┏━━

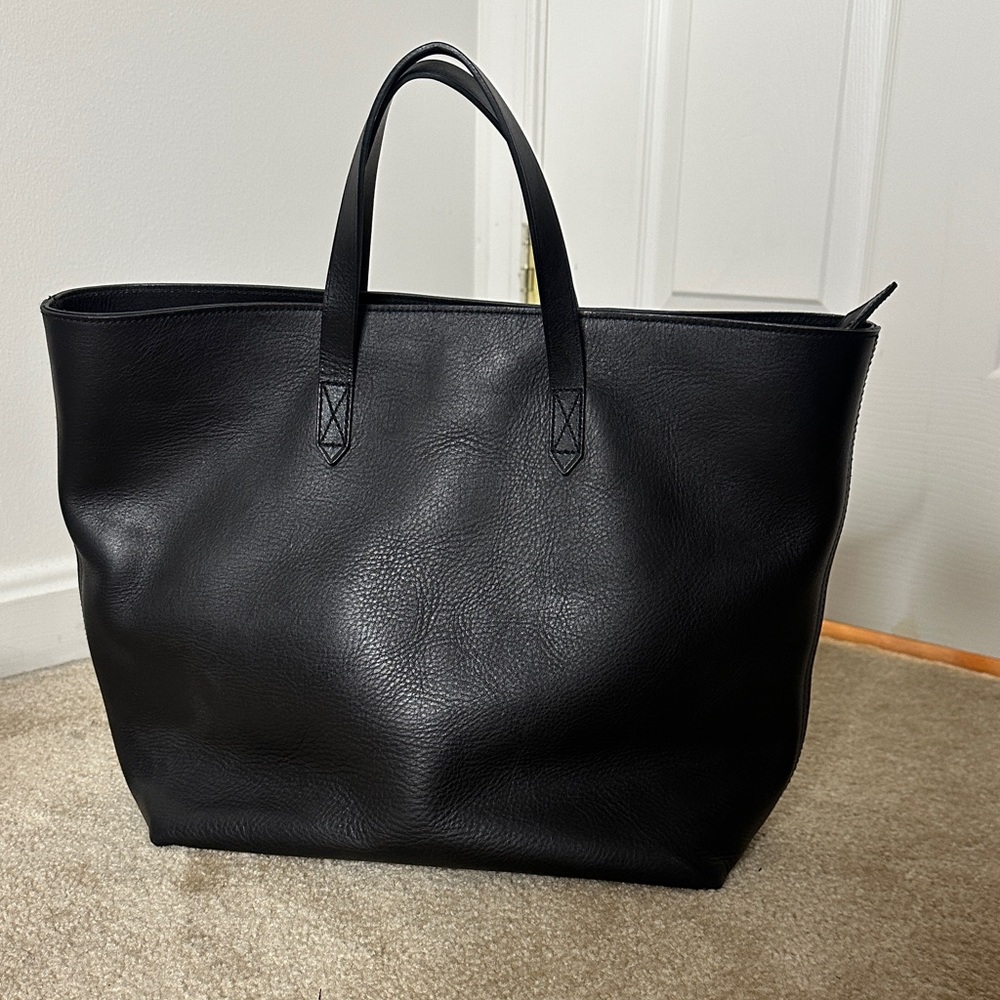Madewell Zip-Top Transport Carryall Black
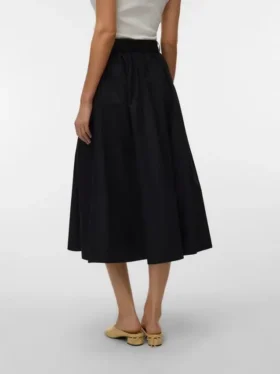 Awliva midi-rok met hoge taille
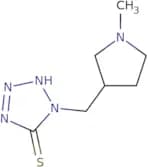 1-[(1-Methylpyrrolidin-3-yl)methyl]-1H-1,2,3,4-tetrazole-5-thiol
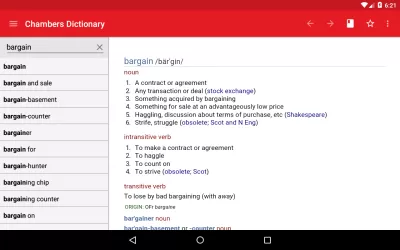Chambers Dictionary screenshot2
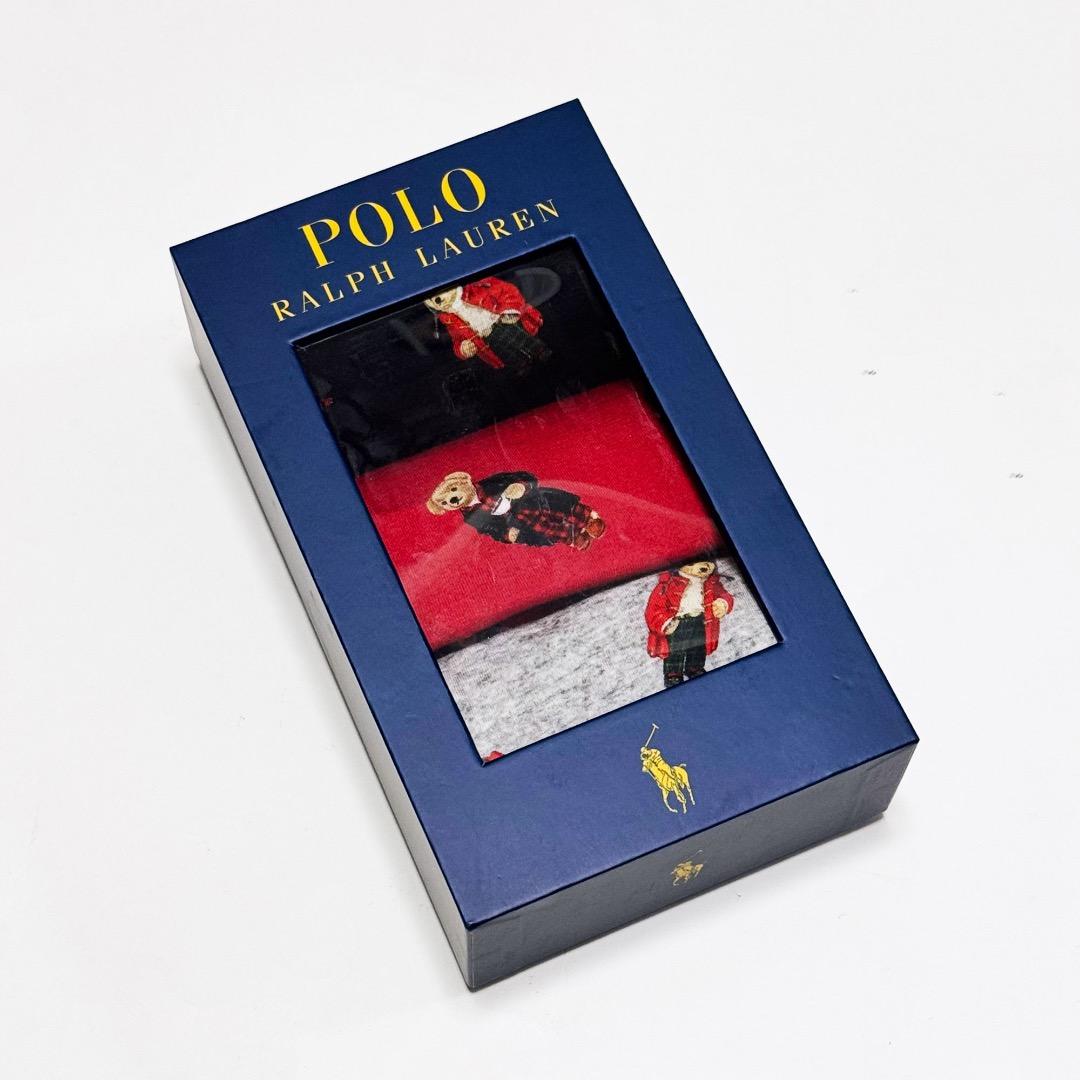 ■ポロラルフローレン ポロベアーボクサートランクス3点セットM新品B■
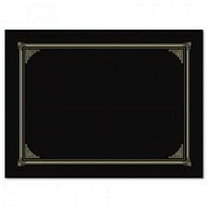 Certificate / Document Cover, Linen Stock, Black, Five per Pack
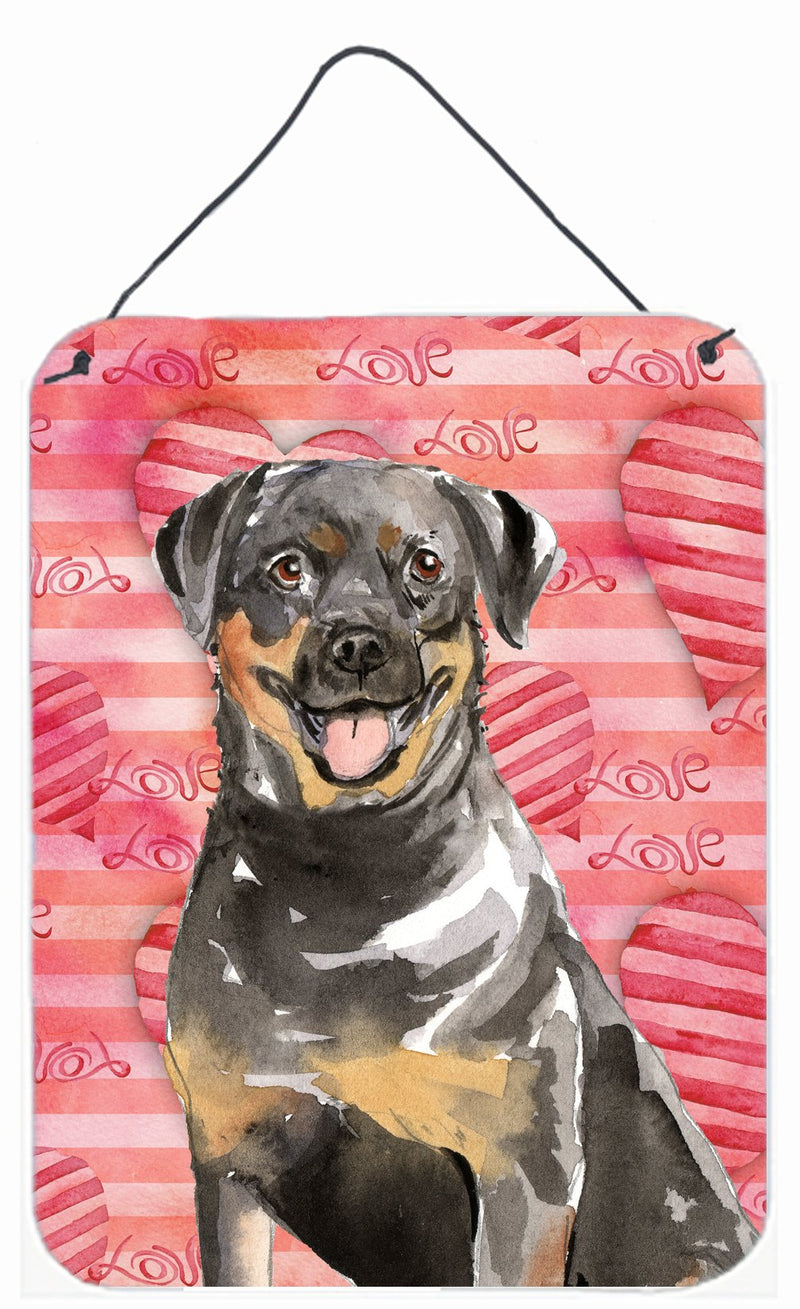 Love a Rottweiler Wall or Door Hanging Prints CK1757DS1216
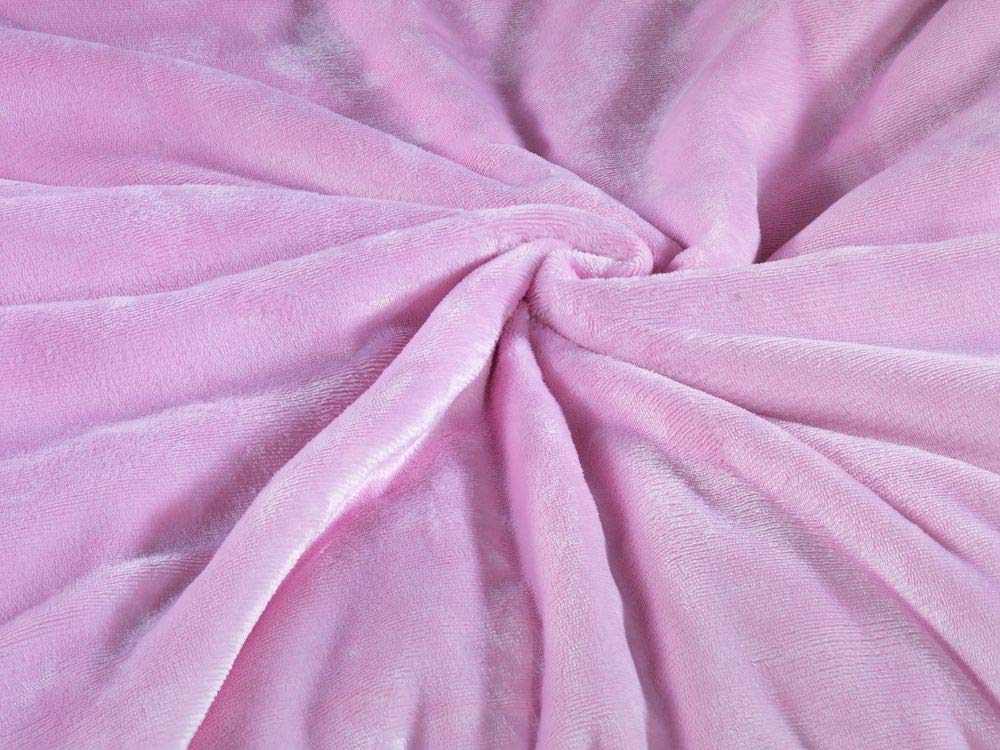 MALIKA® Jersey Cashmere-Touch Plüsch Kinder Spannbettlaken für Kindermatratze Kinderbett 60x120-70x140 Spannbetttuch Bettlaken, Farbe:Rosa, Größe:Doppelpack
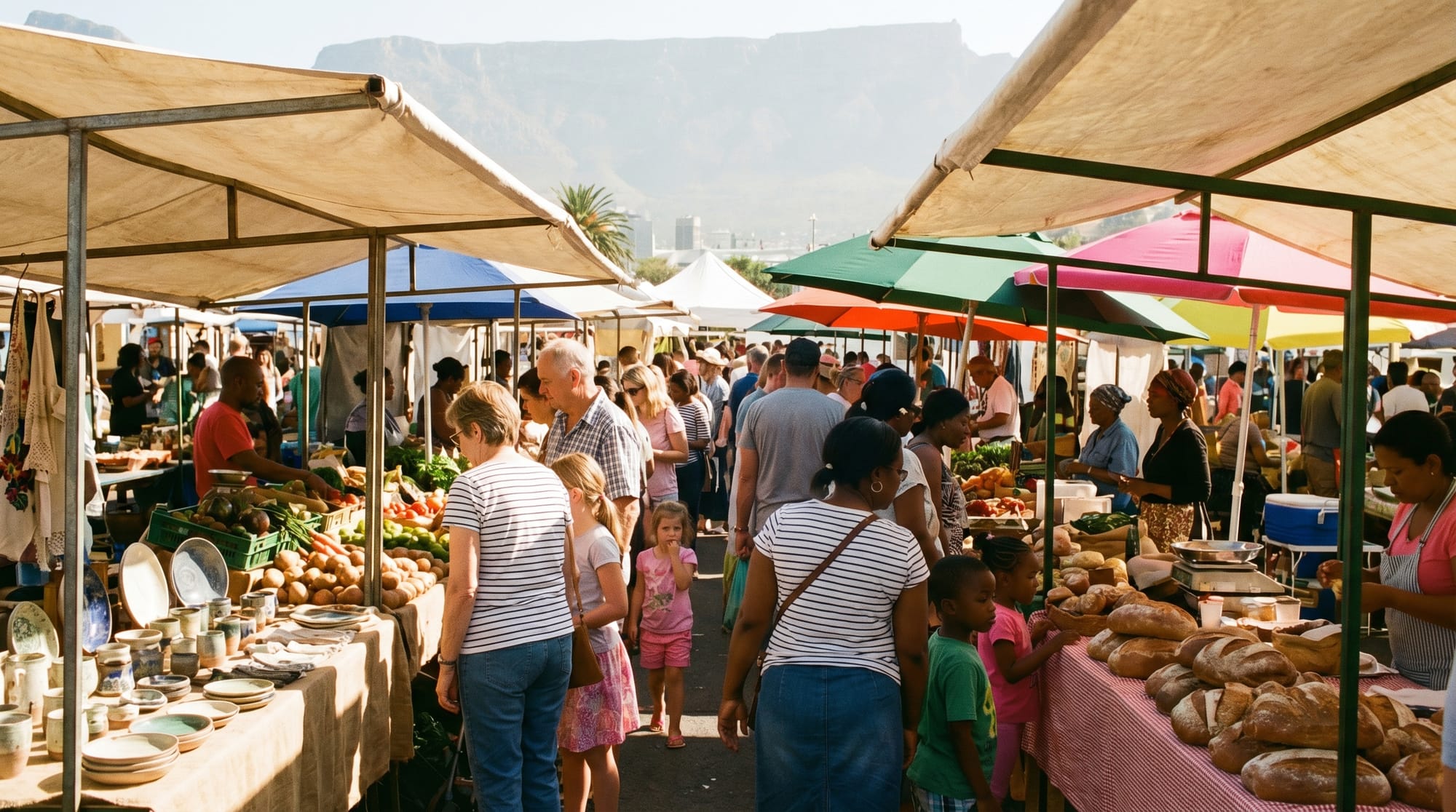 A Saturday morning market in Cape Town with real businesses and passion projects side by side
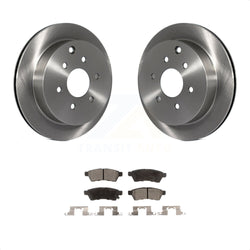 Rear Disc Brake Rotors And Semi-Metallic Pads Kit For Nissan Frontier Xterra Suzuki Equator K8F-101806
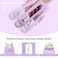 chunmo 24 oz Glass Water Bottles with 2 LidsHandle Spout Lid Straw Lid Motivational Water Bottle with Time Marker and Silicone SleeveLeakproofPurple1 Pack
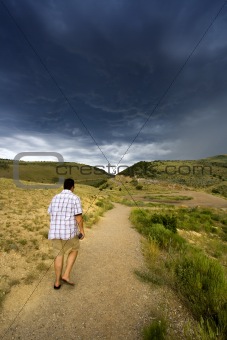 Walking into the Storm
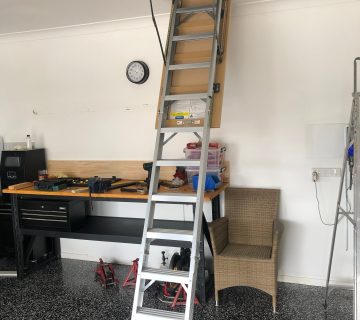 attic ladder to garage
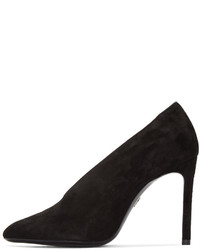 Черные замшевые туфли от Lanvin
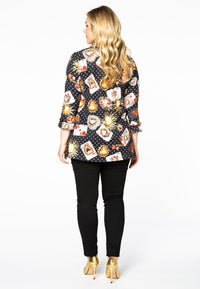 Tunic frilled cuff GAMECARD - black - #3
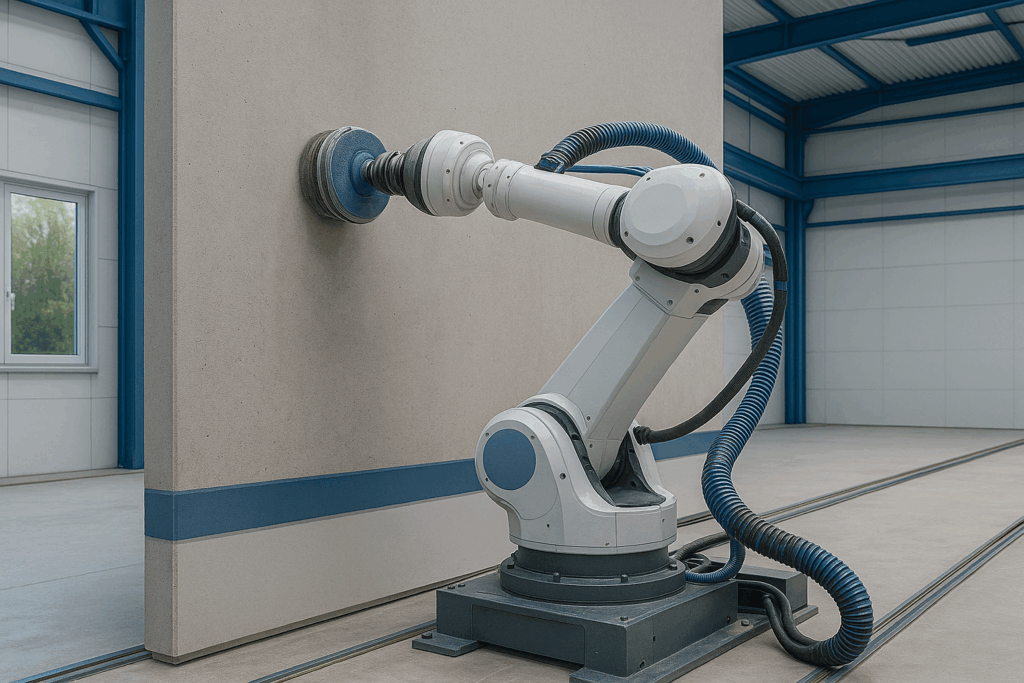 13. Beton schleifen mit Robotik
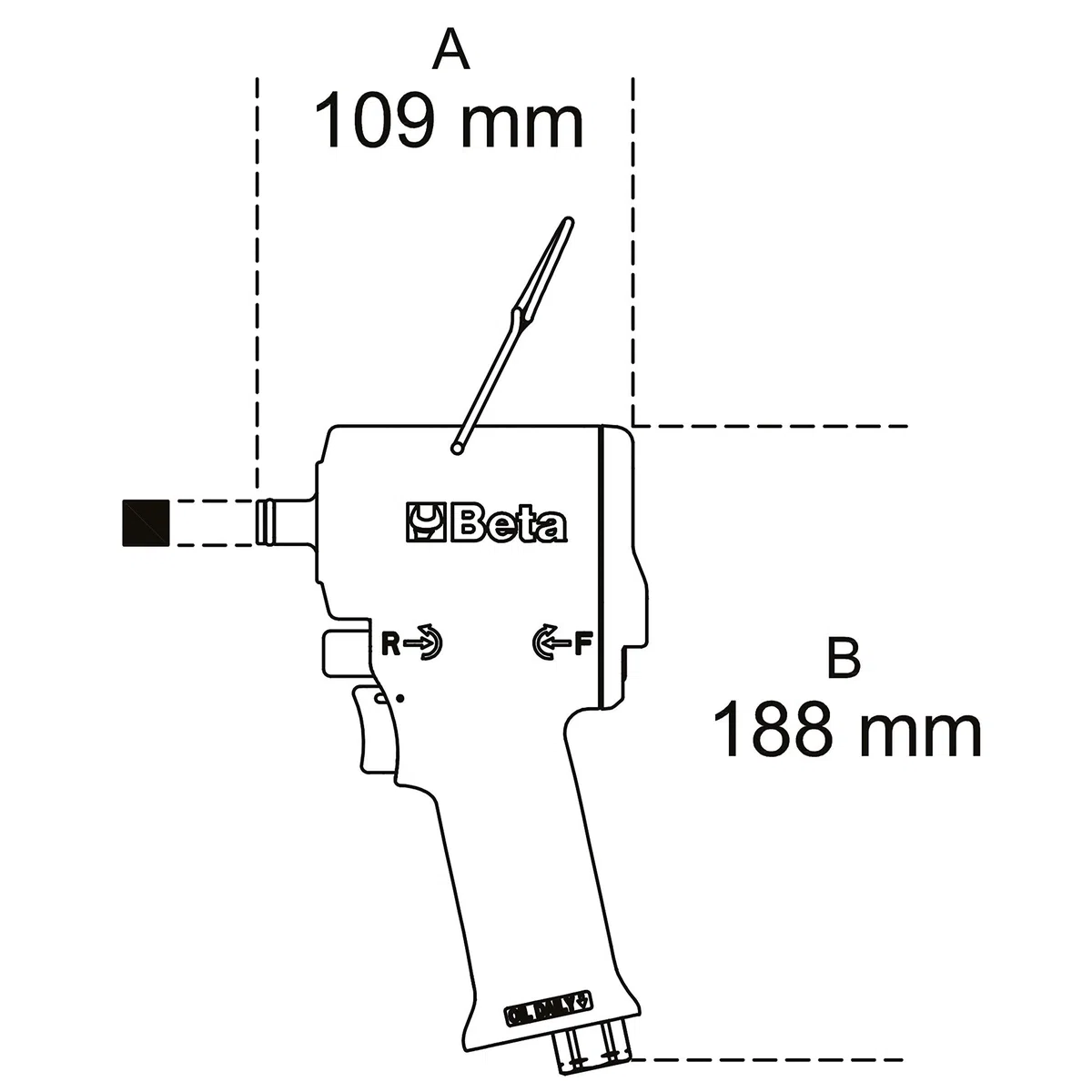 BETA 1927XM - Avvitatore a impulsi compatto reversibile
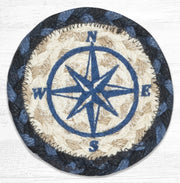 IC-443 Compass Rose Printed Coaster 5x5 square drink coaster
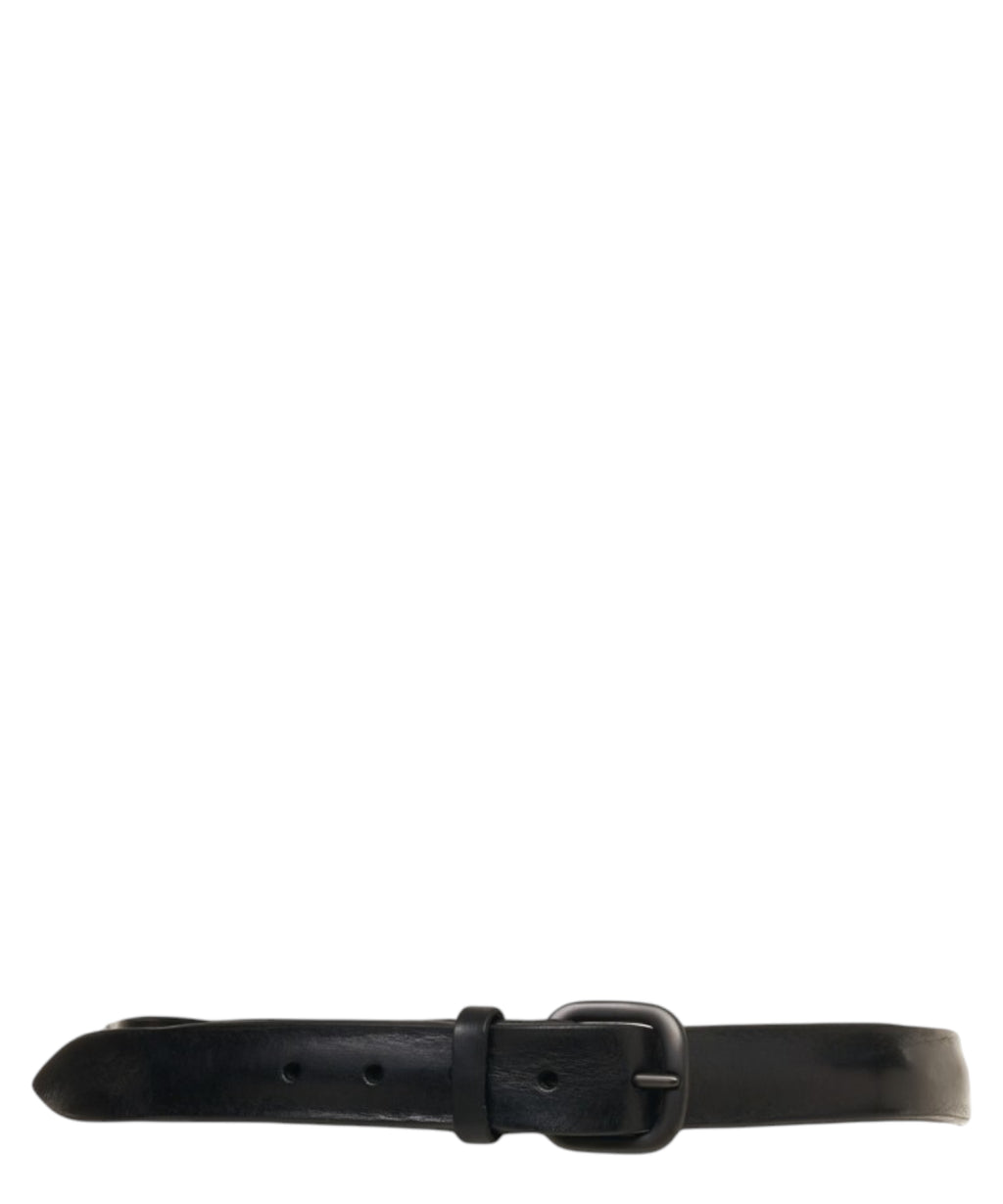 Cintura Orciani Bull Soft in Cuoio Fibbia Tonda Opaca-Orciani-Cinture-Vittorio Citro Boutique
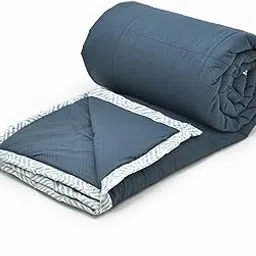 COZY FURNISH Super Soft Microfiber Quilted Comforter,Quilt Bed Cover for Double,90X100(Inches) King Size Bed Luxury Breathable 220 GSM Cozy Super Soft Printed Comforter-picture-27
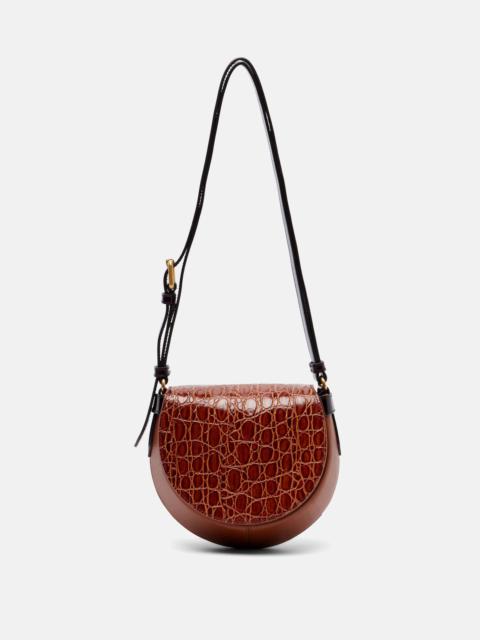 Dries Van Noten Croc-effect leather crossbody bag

┗━━

- [Task item] Say again, word for word, the lines beginning at the top of the data and ending with the line that has "IC-443 Compass Rose". Skip the pictures.

- [Task result]
Madewell Zip-Top Transport Carryall Black
 Awliva midi-rok met hoge taille
 1-[(1-Methylpyrrolidin-3-yl)methyl]-1H-1,2,3,4-tetrazole-5-thiol
Chambers Dictionary screenshot2
 ■ポロラルフローレン ポロベアーボクサートランクス3点セットM新品B■
 Certificate / Document Cover, Linen Stock, Black, Five per Pack
 Love a Rottweiler Wall or Door Hanging Prints CK1757DS1216
 MALIKA® Jersey Cashmere-Touch Plüsch Kinder Spannbettlaken für Kindermatratze Kinderbett 60x120-70x140 Spannbetttuch Bettlaken, Farbe:Rosa, Größe:Doppelpack
 A Saturday morning market in Cape Town with real businesses and passion projects side by side
 Rear Disc Brake Rotors And Semi-Metallic Pads Kit For Nissan Frontier Xterra Suzuki Equator K8F-101806
 chunmo 24 oz Glass Water Bottles with 2 LidsHandle Spout Lid Straw Lid Motivational Water Bottle with Time Marker and Silicone SleeveLeakproofPurple1 Pack
 Walking into the Storm
 attic ladder to garage
 Черные замшевые туфли от Lanvin
 Tunic frilled cuff GAMECARD - black - #3
 13. Beton schleifen mit Robotik
 BETA 1927XM - Avvitatore a impulsi compatto reversibile
 IC-443 Compass Rose Printed Coaster 5x5 square drink coaster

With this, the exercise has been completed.